### [DESCRIPTION OF THE TASK]
Copy out all of the lines below exactly; the pictures do not belong in the copy.

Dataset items
# # #

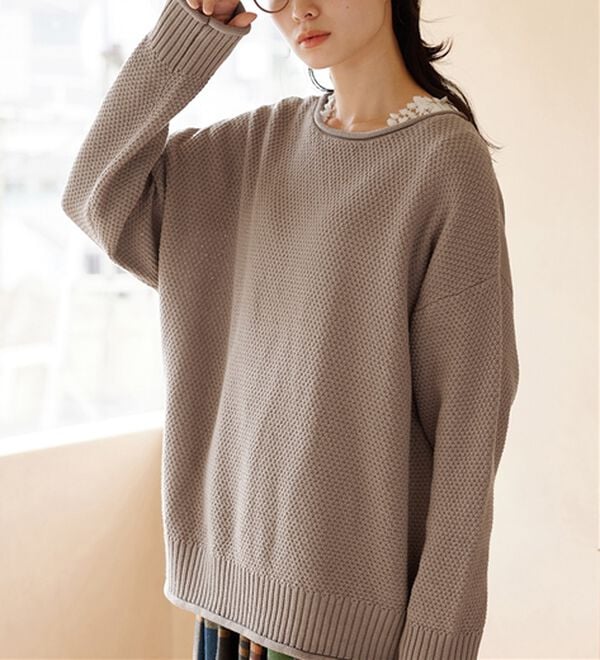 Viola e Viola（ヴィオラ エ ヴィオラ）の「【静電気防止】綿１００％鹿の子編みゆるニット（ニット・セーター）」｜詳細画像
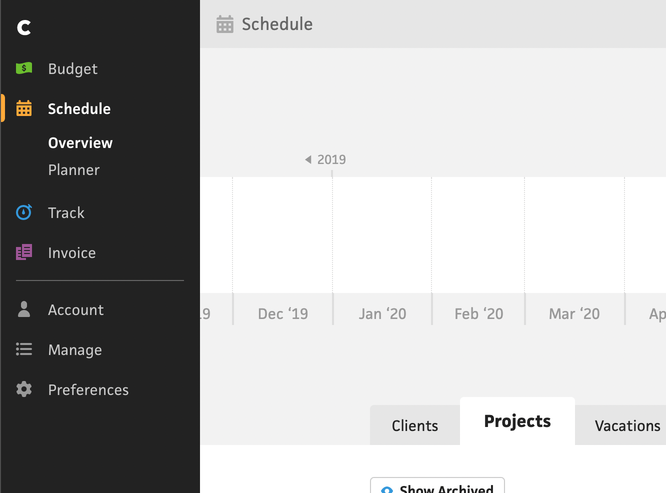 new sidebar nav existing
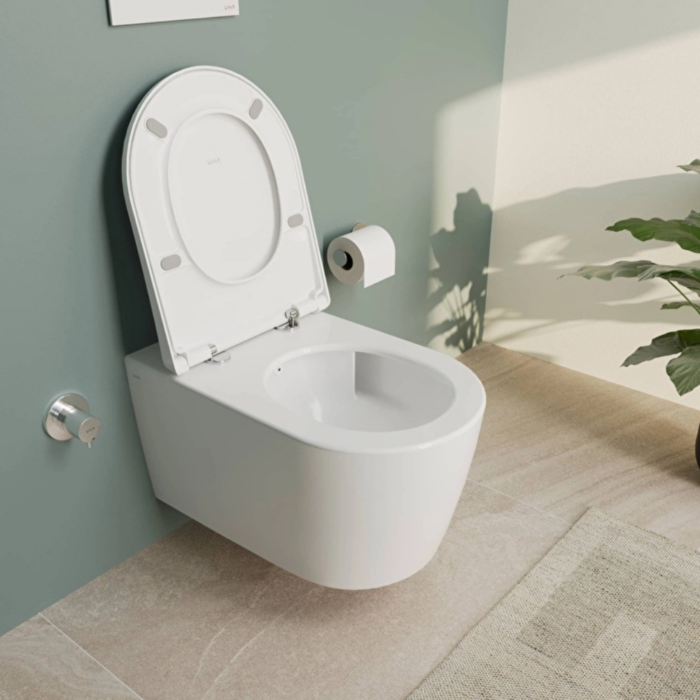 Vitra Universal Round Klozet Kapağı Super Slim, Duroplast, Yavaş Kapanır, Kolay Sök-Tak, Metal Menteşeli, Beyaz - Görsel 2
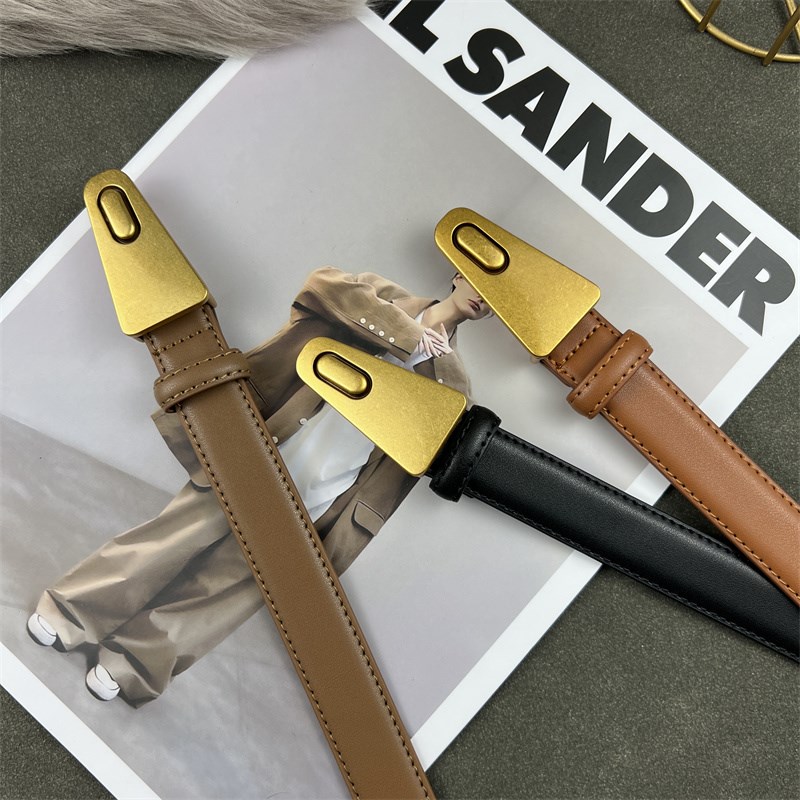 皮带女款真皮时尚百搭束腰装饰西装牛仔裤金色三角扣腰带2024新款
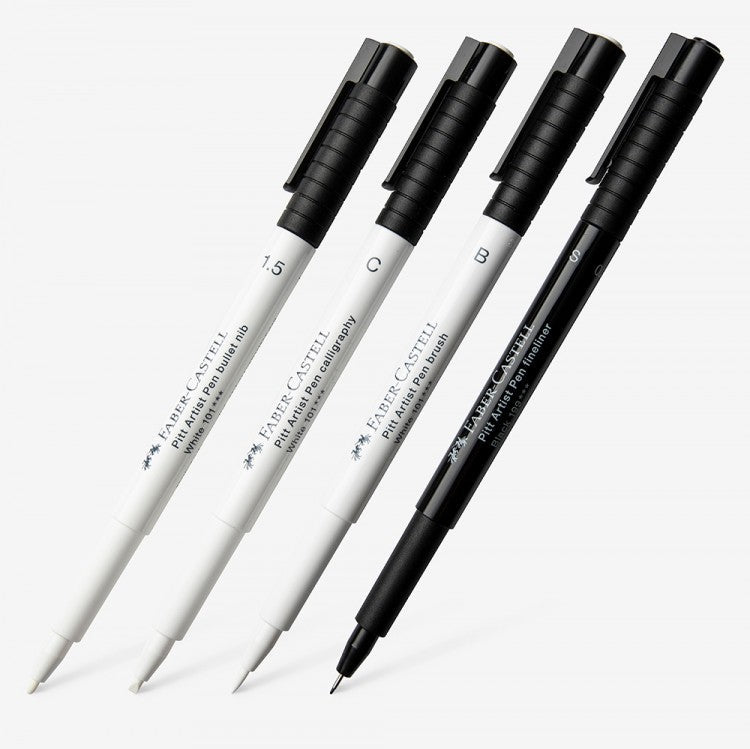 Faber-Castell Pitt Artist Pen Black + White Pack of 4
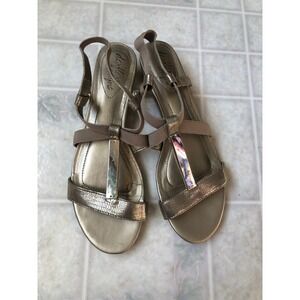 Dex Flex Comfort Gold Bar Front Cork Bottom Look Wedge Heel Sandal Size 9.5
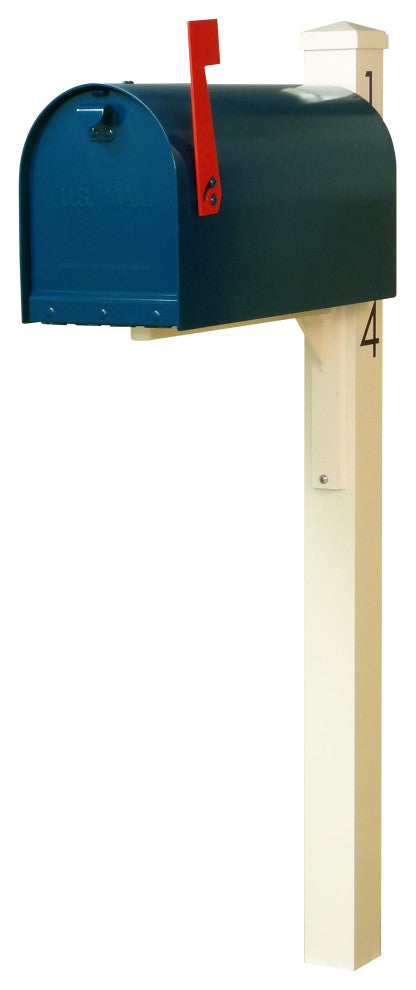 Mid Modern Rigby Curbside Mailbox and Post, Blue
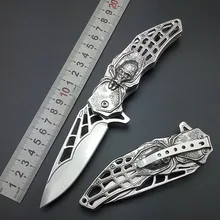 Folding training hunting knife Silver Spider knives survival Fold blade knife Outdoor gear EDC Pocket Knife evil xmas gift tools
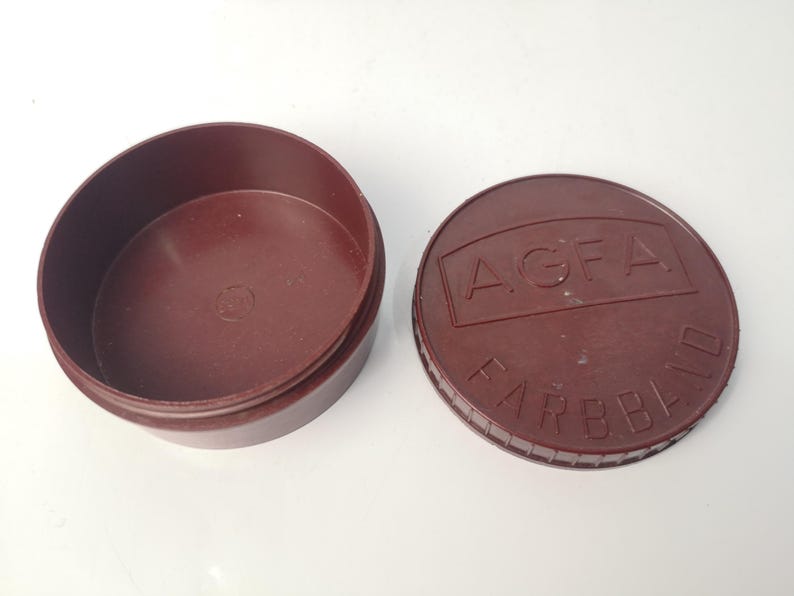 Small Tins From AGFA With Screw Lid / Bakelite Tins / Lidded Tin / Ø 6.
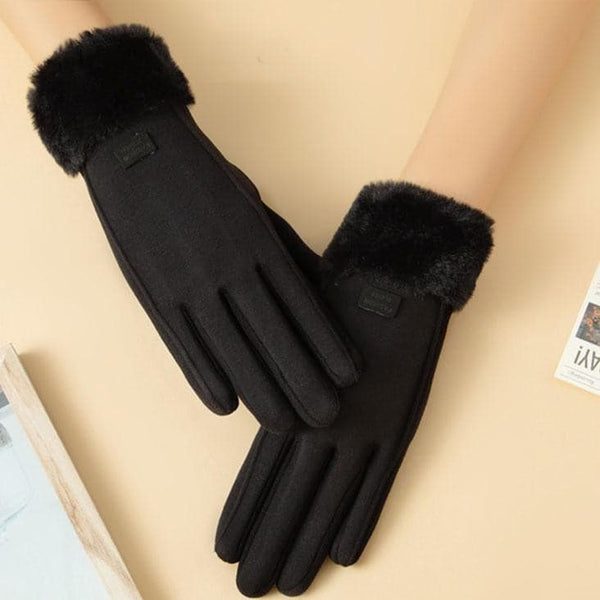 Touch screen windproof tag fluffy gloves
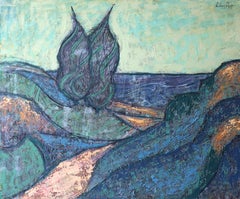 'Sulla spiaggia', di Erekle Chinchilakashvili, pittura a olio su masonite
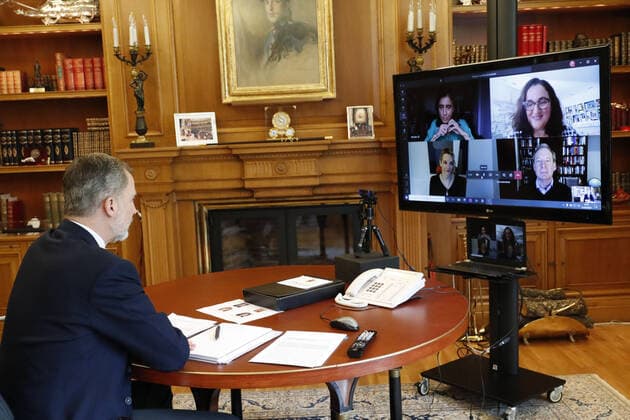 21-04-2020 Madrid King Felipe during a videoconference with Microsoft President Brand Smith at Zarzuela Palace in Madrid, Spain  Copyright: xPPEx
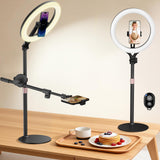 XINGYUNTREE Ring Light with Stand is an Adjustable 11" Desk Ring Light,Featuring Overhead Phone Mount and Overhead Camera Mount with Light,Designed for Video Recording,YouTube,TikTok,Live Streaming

# # #

### [SOLUTION FOR THIS EXERCISE]
 Viola e Viola（ヴィオラ エ ヴィオラ）の「【静電気防止】綿１００％鹿の子編みゆるニット（ニット・セーター）」｜詳細画像
 new sidebar nav existing
 Vitra Universal Round Klozet Kapağı Super Slim, Duroplast, Yavaş Kapanır, Kolay Sök-Tak, Metal Menteşeli, Beyaz - Görsel 2
 皮带女款真皮时尚百搭束腰装饰西装牛仔裤金色三角扣腰带2024新款
 Faber-Castell Pitt Artist Pen Black + White Pack of 4
 Dex Flex Comfort Gold Bar Front Cork Bottom Look Wedge Heel Sandal Size 9.5
 Mid Modern Rigby Curbside Mailbox and Post, Blue
 Folding training hunting knife Silver Spider knives survival Fold blade knife Outdoor gear EDC Pocket Knife evil xmas gift tools
 Small Tins From AGFA With Screw Lid / Bakelite Tins / Lidded Tin / Ø 6.
 Touch screen windproof tag fluffy gloves
 'Sulla spiaggia', di Erekle Chinchilakashvili, pittura a olio su masonite
 21-04-2020 Madrid King Felipe during a videoconference with Microsoft President Brand Smith at Zarzuela Palace in Madrid, Spain  Copyright: xPPEx
 XINGYUNTREE Ring Light with Stand is an Adjustable 11" Desk Ring Light,Featuring Overhead Phone Mount and Overhead Camera Mount with Light,Designed for Video Recording,YouTube,TikTok,Live Streaming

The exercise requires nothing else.